Тут воспоминания Кейт со скрежетом тормозят и останавливаются на том моменте, когда Джулия произнесла «двадцать пять миллионов евро», а Билл выглядел озадаченным и даже открыл было рот, собираясь что-то сказать, поправить Джулию, мол, на самом деле там пятьдесят миллионов. Но он смолчал, оставив промашку Джулии без комментариев, а потом проверил в своей штаб-квартире в округе Колумбия и получил подтверждение: сумма, украденная у полковника, составляет пятьдесят миллионов, вдвое больше, чем та, которую Джулия выплюнула в лицо Кейт, — странное, удивительное несоответствие, слишком заметное и смелое, чтобы оказаться случайной оговоркой или провалом в памяти. И он убедился, что этому должно быть какое-то логическое объяснение, обдумал и проанализировал возможные причины и в итоге выяснил, в чем дело, вероятно, увидел все детали этого заговора с высоты птичьего полета и отложил дело в сторону, чтобы потом изучить, не спеша, на досуге; он же понимал, какие огромные деньги стоят на кону, вот и решил использовать свои сильные стороны — красивую внешность, обаяние и умение хранить тайны, самые жуткие, и хранить их вечно, несмотря ни на какие слабости и соблазны, — а также использовать ее беззащитность, одиночество и отчаянное стремление заиметь семью перед лицом абсолютной и беспощадной бесперспективности выйти замуж.
— Может, — продолжает вслух размышлять Кейт, — это произошло в Амстердаме? — Она наклоняется вперед, чуть смещаясь на стуле. Затем откидывается назад, но принимает уже другое положение, снимает левую руку с бедра и кладет ее обратно на стол — и все эти телодвижения и перемещения призваны прикрыть тот факт, что ее правая рука осталась под столом и сейчас лезет в сумочку.

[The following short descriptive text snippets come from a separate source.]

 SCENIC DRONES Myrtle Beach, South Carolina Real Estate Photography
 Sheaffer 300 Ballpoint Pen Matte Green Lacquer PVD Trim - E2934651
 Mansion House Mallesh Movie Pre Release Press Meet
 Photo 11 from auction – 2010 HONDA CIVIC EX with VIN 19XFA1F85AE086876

Билл тоже смещается на стуле, меняет положение, не так резко, как Кейт, но достигает — она это знает точно — того же результата.
Джулия оборачивается к своему новому возлюбленному. Да нет, не такому уж и новому: это произошло в прошлом январе, полтора года назад. Длительный период пребывания с человеком, которого не любишь. Или, может, Билл теперь и впрямь любит Джулию? Привык, так сказать, прижился.

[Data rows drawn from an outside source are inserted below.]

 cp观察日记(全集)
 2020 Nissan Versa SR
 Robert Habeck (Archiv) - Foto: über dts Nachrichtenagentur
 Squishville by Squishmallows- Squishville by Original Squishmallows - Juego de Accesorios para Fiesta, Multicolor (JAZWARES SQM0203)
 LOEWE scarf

— Ну что же, — говорит Кейт, — Амстердам, надо полагать, место весьма романтическое. Со всеми своими наркотиками и проститутками. — Но она знает, что это произошло после Амстердама. Это произошло после встречи на скамейке.
Кейт медленно и осторожно просовывает руку глубже, минуя пудреницу, темные очки, пачку жевательной резинки, записную книжку и разрозненные клочки бумаги, все глубже и глубже, на дно сумочки, где у нее лежат самые тяжелые предметы. И один из них — под твердой прокладкой, которую она поднимает.

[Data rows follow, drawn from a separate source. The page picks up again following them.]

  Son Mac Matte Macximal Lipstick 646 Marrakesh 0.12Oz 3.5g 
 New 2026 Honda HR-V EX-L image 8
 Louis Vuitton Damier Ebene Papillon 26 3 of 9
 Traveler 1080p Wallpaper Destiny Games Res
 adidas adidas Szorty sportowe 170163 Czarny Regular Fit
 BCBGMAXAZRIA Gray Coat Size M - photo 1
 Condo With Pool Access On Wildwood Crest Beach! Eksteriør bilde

Теперь они в упор смотрят друг на друга, Кейт и Билл, смотрят, не отводя глаз. Их окружают тысячи людей, на перекрестке напротив театра «Одеон», уже опускаются ранние сентябрьские сумерки, а погода, свет, вино и само кафе просто прекрасны, как на картинке. Европа в лучшем своем облике, какой многие ее и представляют.
Кейт смыкает пальцы на рукояти «беретты».
Правая рука Билла по-прежнему под столом.
Кейт поворачивается к Джулии. Она была несчастной, одинокой женщиной, пока рядом не появился этот мужчина. А теперь — вот они, вроде как даже счастливые. Лицо Джулии сияет, щеки раскраснелись.